PROBLEM DETAILS:
Nothing in the data may be altered; restate all of it exactly.

━━━━━ SOURCE RECORDS ━━━━━

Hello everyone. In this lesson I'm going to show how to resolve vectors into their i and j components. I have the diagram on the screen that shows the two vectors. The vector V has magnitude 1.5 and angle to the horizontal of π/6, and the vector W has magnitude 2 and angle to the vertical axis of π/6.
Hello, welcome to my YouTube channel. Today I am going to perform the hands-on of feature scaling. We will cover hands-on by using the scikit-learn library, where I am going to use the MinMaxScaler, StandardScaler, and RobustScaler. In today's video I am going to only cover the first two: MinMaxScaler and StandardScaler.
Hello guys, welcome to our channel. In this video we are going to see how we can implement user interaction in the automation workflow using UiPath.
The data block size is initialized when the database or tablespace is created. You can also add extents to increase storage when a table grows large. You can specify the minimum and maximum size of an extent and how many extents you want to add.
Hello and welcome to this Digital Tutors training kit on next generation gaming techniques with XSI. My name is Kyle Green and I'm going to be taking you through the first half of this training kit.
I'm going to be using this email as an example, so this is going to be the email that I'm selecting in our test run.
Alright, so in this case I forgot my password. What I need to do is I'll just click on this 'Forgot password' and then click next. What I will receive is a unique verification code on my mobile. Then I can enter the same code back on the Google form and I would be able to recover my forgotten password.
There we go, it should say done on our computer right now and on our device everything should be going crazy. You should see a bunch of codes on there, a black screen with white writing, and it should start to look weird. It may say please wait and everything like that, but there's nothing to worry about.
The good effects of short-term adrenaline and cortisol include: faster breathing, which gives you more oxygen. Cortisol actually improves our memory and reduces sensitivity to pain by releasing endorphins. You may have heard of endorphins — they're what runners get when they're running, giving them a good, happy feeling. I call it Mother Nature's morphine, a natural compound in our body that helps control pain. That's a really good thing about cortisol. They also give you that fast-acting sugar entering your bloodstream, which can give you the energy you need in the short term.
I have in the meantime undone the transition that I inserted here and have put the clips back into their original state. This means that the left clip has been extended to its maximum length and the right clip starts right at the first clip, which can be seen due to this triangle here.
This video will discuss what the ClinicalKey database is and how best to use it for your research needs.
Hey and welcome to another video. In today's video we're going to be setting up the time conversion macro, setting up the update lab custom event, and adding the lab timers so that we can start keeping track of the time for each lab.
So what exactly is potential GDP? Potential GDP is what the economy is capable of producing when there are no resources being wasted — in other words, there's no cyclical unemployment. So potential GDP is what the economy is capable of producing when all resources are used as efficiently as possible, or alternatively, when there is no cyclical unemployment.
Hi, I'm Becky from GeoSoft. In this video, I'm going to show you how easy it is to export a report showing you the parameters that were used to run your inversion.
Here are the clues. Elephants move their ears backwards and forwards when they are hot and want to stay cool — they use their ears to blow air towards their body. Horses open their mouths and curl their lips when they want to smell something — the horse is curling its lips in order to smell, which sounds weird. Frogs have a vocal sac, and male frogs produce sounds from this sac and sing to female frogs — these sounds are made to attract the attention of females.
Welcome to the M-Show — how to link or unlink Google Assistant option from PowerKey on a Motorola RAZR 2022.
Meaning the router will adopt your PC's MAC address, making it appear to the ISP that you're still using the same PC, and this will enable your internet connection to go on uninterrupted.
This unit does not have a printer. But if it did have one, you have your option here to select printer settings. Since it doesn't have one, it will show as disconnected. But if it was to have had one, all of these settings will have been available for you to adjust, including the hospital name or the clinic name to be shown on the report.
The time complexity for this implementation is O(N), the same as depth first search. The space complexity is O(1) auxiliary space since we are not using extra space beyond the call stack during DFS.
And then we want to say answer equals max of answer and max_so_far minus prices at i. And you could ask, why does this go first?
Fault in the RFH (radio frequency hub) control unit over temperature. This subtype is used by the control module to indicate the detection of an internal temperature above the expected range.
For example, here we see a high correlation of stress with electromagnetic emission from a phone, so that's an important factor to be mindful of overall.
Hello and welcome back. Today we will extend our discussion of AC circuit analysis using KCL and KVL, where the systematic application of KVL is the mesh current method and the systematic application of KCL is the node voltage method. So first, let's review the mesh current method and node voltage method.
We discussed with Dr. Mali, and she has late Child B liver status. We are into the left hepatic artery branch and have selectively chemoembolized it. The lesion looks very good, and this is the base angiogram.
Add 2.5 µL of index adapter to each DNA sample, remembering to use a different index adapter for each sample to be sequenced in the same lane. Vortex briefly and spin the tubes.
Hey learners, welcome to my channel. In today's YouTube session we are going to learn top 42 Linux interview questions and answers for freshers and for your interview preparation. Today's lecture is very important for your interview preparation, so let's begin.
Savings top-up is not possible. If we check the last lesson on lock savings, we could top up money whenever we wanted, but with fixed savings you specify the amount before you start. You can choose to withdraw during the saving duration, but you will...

━━━━━

OUTPUT FOR THIS TASK:
Hello everyone. In this lesson I'm going to show how to resolve vectors into their i and j components. I have the diagram on the screen that shows the two vectors. The vector V has magnitude 1.5 and angle to the horizontal of π/6, and the vector W has magnitude 2 and angle to the vertical axis of π/6.
Hello, welcome to my YouTube channel. Today I am going to perform the hands-on of feature scaling. We will cover hands-on by using the scikit-learn library, where I am going to use the MinMaxScaler, StandardScaler, and RobustScaler. In today's video I am going to only cover the first two: MinMaxScaler and StandardScaler.
Hello guys, welcome to our channel. In this video we are going to see how we can implement user interaction in the automation workflow using UiPath.
The data block size is initialized when the database or tablespace is created. You can also add extents to increase storage when a table grows large. You can specify the minimum and maximum size of an extent and how many extents you want to add.
Hello and welcome to this Digital Tutors training kit on next generation gaming techniques with XSI. My name is Kyle Green and I'm going to be taking you through the first half of this training kit.
I'm going to be using this email as an example, so this is going to be the email that I'm selecting in our test run.
Alright, so in this case I forgot my password. What I need to do is I'll just click on this 'Forgot password' and then click next. What I will receive is a unique verification code on my mobile. Then I can enter the same code back on the Google form and I would be able to recover my forgotten password.
There we go, it should say done on our computer right now and on our device everything should be going crazy. You should see a bunch of codes on there, a black screen with white writing, and it should start to look weird. It may say please wait and everything like that, but there's nothing to worry about.
The good effects of short-term adrenaline and cortisol include: faster breathing, which gives you more oxygen. Cortisol actually improves our memory and reduces sensitivity to pain by releasing endorphins. You may have heard of endorphins — they're what runners get when they're running, giving them a good, happy feeling. I call it Mother Nature's morphine, a natural compound in our body that helps control pain. That's a really good thing about cortisol. They also give you that fast-acting sugar entering your bloodstream, which can give you the energy you need in the short term.
I have in the meantime undone the transition that I inserted here and have put the clips back into their original state. This means that the left clip has been extended to its maximum length and the right clip starts right at the first clip, which can be seen due to this triangle here.
This video will discuss what the ClinicalKey database is and how best to use it for your research needs.
Hey and welcome to another video. In today's video we're going to be setting up the time conversion macro, setting up the update lab custom event, and adding the lab timers so that we can start keeping track of the time for each lab.
So what exactly is potential GDP? Potential GDP is what the economy is capable of producing when there are no resources being wasted — in other words, there's no cyclical unemployment. So potential GDP is what the economy is capable of producing when all resources are used as efficiently as possible, or alternatively, when there is no cyclical unemployment.
Hi, I'm Becky from GeoSoft. In this video, I'm going to show you how easy it is to export a report showing you the parameters that were used to run your inversion.
Here are the clues. Elephants move their ears backwards and forwards when they are hot and want to stay cool — they use their ears to blow air towards their body. Horses open their mouths and curl their lips when they want to smell something — the horse is curling its lips in order to smell, which sounds weird. Frogs have a vocal sac, and male frogs produce sounds from this sac and sing to female frogs — these sounds are made to attract the attention of females.
Welcome to the M-Show — how to link or unlink Google Assistant option from PowerKey on a Motorola RAZR 2022.
Meaning the router will adopt your PC's MAC address, making it appear to the ISP that you're still using the same PC, and this will enable your internet connection to go on uninterrupted.
This unit does not have a printer. But if it did have one, you have your option here to select printer settings. Since it doesn't have one, it will show as disconnected. But if it was to have had one, all of these settings will have been available for you to adjust, including the hospital name or the clinic name to be shown on the report.
The time complexity for this implementation is O(N), the same as depth first search. The space complexity is O(1) auxiliary space since we are not using extra space beyond the call stack during DFS.
And then we want to say answer equals max of answer and max_so_far minus prices at i. And you could ask, why does this go first?
Fault in the RFH (radio frequency hub) control unit over temperature. This subtype is used by the control module to indicate the detection of an internal temperature above the expected range.
For example, here we see a high correlation of stress with electromagnetic emission from a phone, so that's an important factor to be mindful of overall.
Hello and welcome back. Today we will extend our discussion of AC circuit analysis using KCL and KVL, where the systematic application of KVL is the mesh current method and the systematic application of KCL is the node voltage method. So first, let's review the mesh current method and node voltage method.
We discussed with Dr. Mali, and she has late Child B liver status. We are into the left hepatic artery branch and have selectively chemoembolized it. The lesion looks very good, and this is the base angiogram.
Add 2.5 µL of index adapter to each DNA sample, remembering to use a different index adapter for each sample to be sequenced in the same lane. Vortex briefly and spin the tubes.
Hey learners, welcome to my channel. In today's YouTube session we are going to learn top 42 Linux interview questions and answers for freshers and for your interview preparation. Today's lecture is very important for your interview preparation, so let's begin.
Savings top-up is not possible. If we check the last lesson on lock savings, we could top up money whenever we wanted, but with fixed savings you specify the amount before you start. You can choose to withdraw during the saving duration, but you will...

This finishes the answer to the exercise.